Mammuth oder: Englisch lernen mit Schach

mammothMeine Englisch-Kenntnisse stützen sich nicht zuletzt auf die millimetergenaue Lektüre zweier langer Schachbücher auf Englisch, die mir mit ca. 14 Jahren in die Hände gefallen sind. Erstens Frank Marshall’s Best Games of Chess, ein Werk, das insbesonderes deshalb so lustig ist, weil Marshall ohne rot zu werden schwindelt und auch noch die schlechtesten Stellungen mit taktischen Tricks zu retten sucht. Und zweitens David Bronsteins Zürich 1953, das beste Turnierbuch aller bisherigen Zeiten, lehrreich ohne Ende und auch ein Lieferant zahlloser Vokabeln.
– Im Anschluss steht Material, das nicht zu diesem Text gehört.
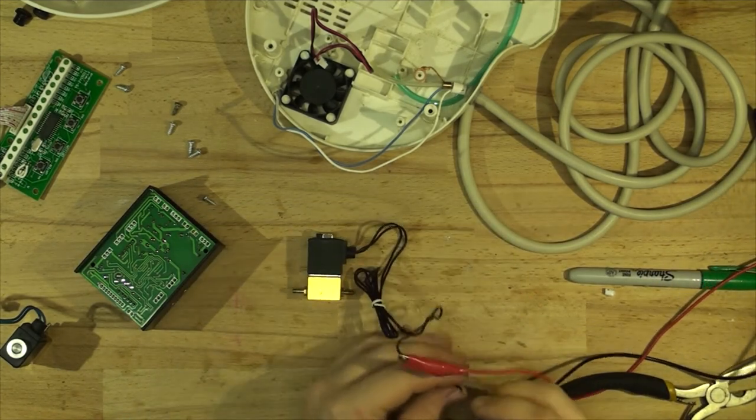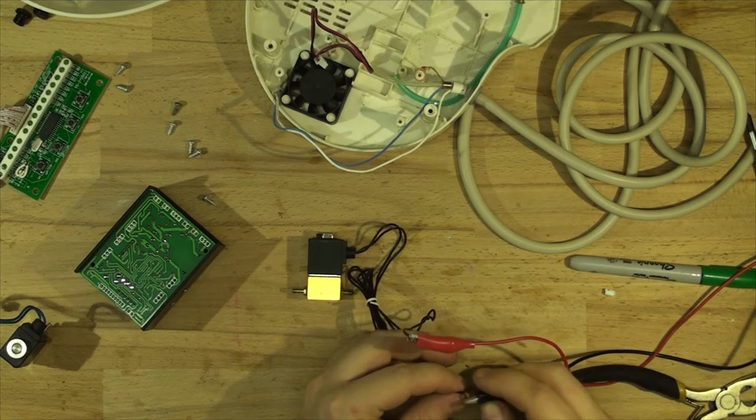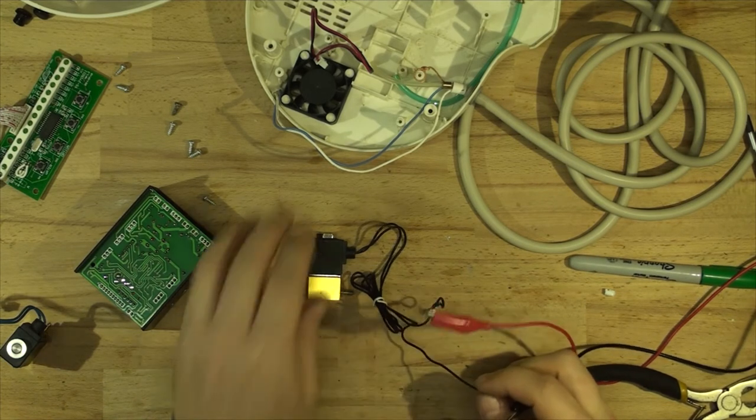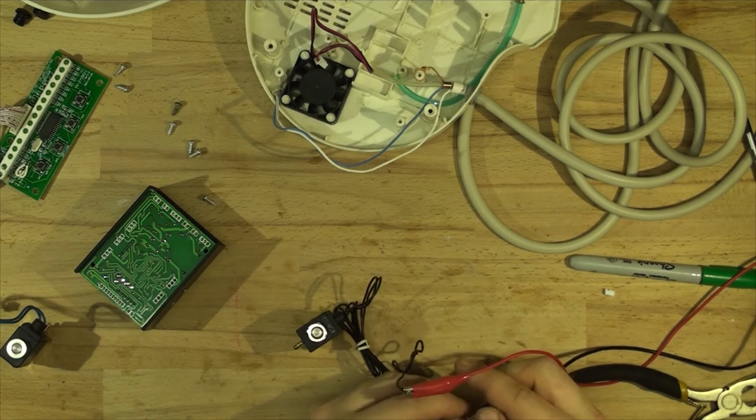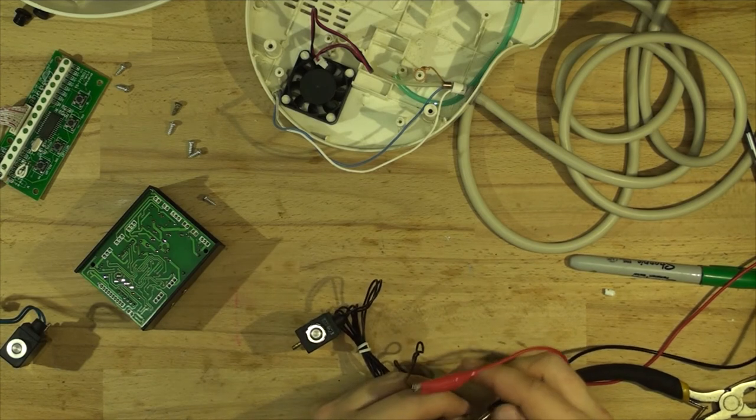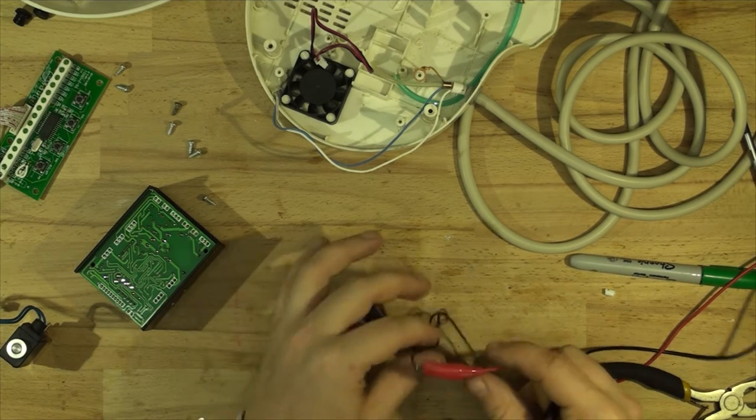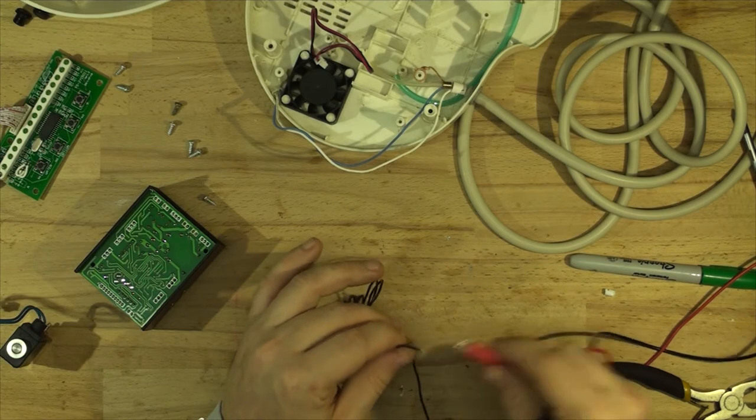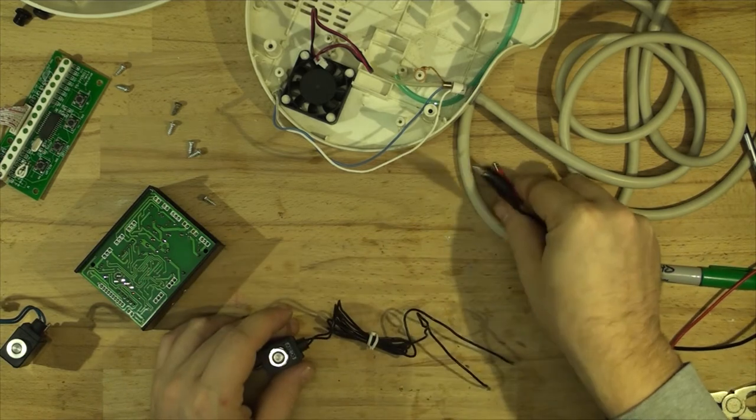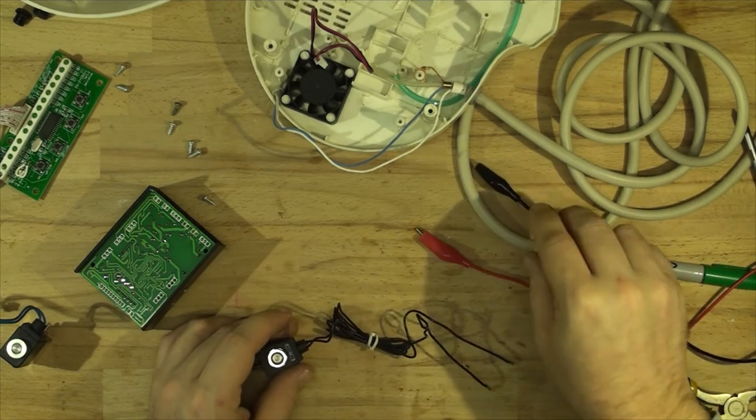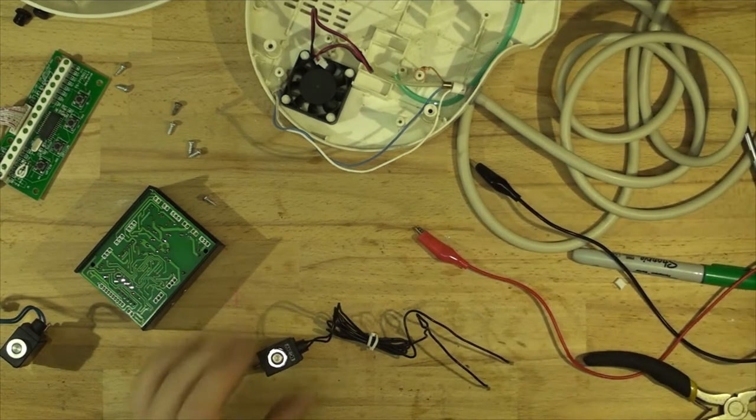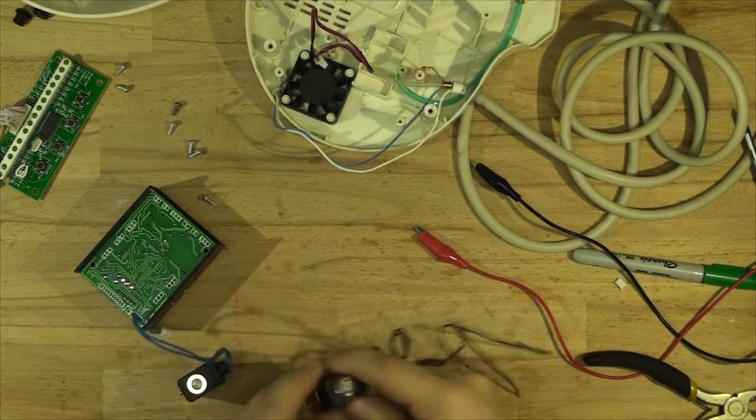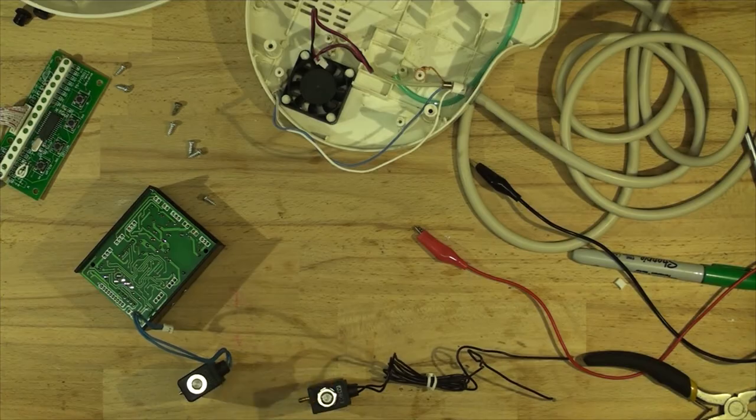Yep, the solenoid works. Excuse the heater in the background, just turned on. It's been freezing cold here. So let's get the solenoids apart. I'll take the coils off. Let me turn the heater off.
Natürlich lernt man bei Schachbüchern besonders gut die Fremdsprache, weil einen das Thema interessiert. Schachbücheer sind tausendmal interessanter als Lehrbuchtexte oder absichtliche ausgesuchte Lektüretexte für den Unterricht. Es ist ja an sich schon abtörnend genug für jeden Text, wenn er für den Unterricht ausgesucht wurde.

Heutzutage empfehle ich allerdings für alle aufstrebenden Schachspieler das Mammoth Book Of Chess von Burgess, Nunn und Emms. Das Werk misst 700 Seiten und enthält 125 Partien, bessere gibt es nicht; es analysiert detailliert und kenntnisreich, davon können Vorgänger wie Knaurs Schachbuch nur träumen; es stellt jeden der Spieler in einer Kurzbiografie vor, knapp und trefflich charakterisierend; und es kostet in der Taschenbuchausgaben nur ca. 10 € – also ein dickes Buch für einen dünnen Geldbeutel.

Pflichtlektüre für alle diejenigen oberhalb von DWZ/Elo 1500, die einen großartigen Überblick über die Schachgeschichte bekommen und Englisch lernen wollen.